WHAT THE TASK ASKS:
Using the records below, write out only the lines from the line containing "Sparkle & Shine: Handcrafted" up to and including the line containing "Olympa Trio Motion", exactly, with no pictures.

INFORMATION SUPPLIED:
╭──
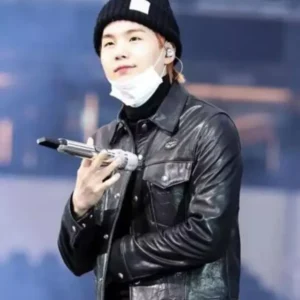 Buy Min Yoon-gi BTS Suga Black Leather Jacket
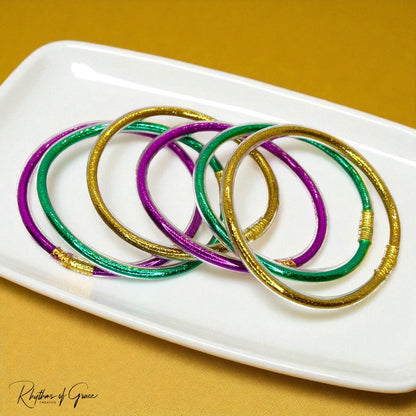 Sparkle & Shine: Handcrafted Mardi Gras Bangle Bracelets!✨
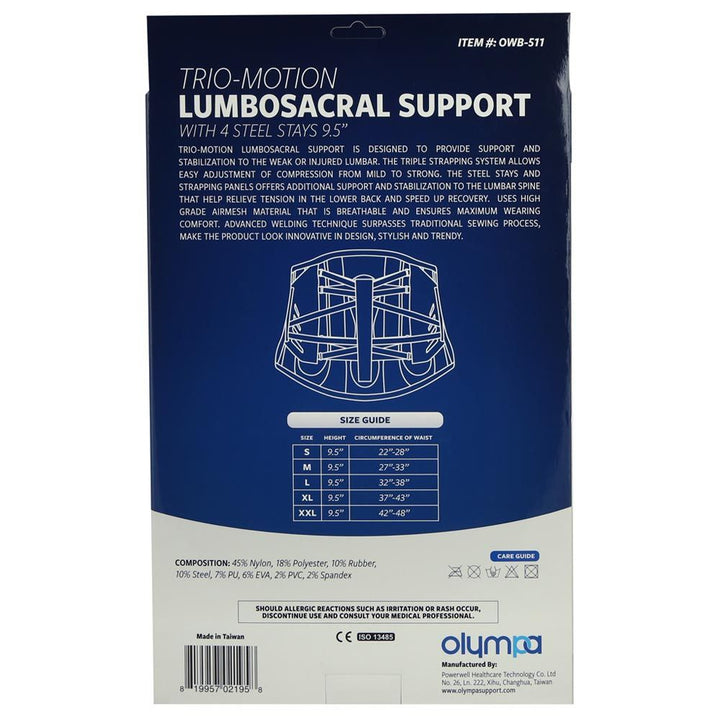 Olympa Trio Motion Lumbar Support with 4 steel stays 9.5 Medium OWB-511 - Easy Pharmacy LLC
╰──
╭──
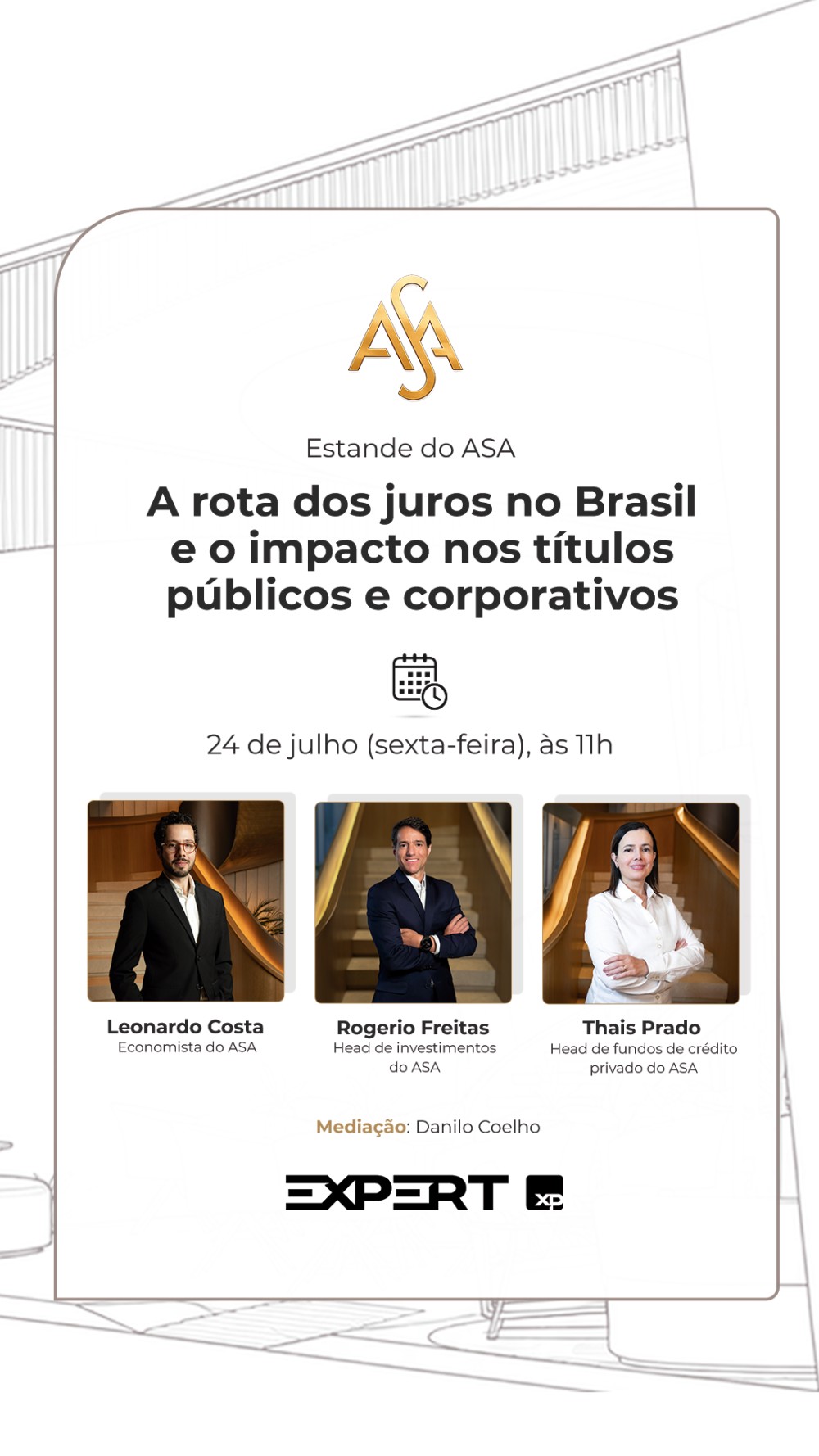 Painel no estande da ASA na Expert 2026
╰──
PROBLEM SOLUTION:
 Sparkle & Shine: Handcrafted Mardi Gras Bangle Bracelets!✨
 Olympa Trio Motion Lumbar Support with 4 steel stays 9.5 Medium OWB-511 - Easy Pharmacy LLC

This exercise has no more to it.